[Exercise] Work through the data line by line, gathering every line that has the word "with".

☆ ☆ ☆ ☆ ☆

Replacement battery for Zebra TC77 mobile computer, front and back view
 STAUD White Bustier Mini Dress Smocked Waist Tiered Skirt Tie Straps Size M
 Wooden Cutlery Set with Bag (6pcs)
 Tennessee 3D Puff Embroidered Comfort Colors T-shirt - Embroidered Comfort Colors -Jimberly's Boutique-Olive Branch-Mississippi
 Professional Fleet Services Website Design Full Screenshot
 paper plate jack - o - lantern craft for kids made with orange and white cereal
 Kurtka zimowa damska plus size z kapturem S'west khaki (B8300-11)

☆ ☆ ☆ ☆ ☆

[Task output]
 Wooden Cutlery Set with Bag (6pcs)
 paper plate jack - o - lantern craft for kids made with orange and white cereal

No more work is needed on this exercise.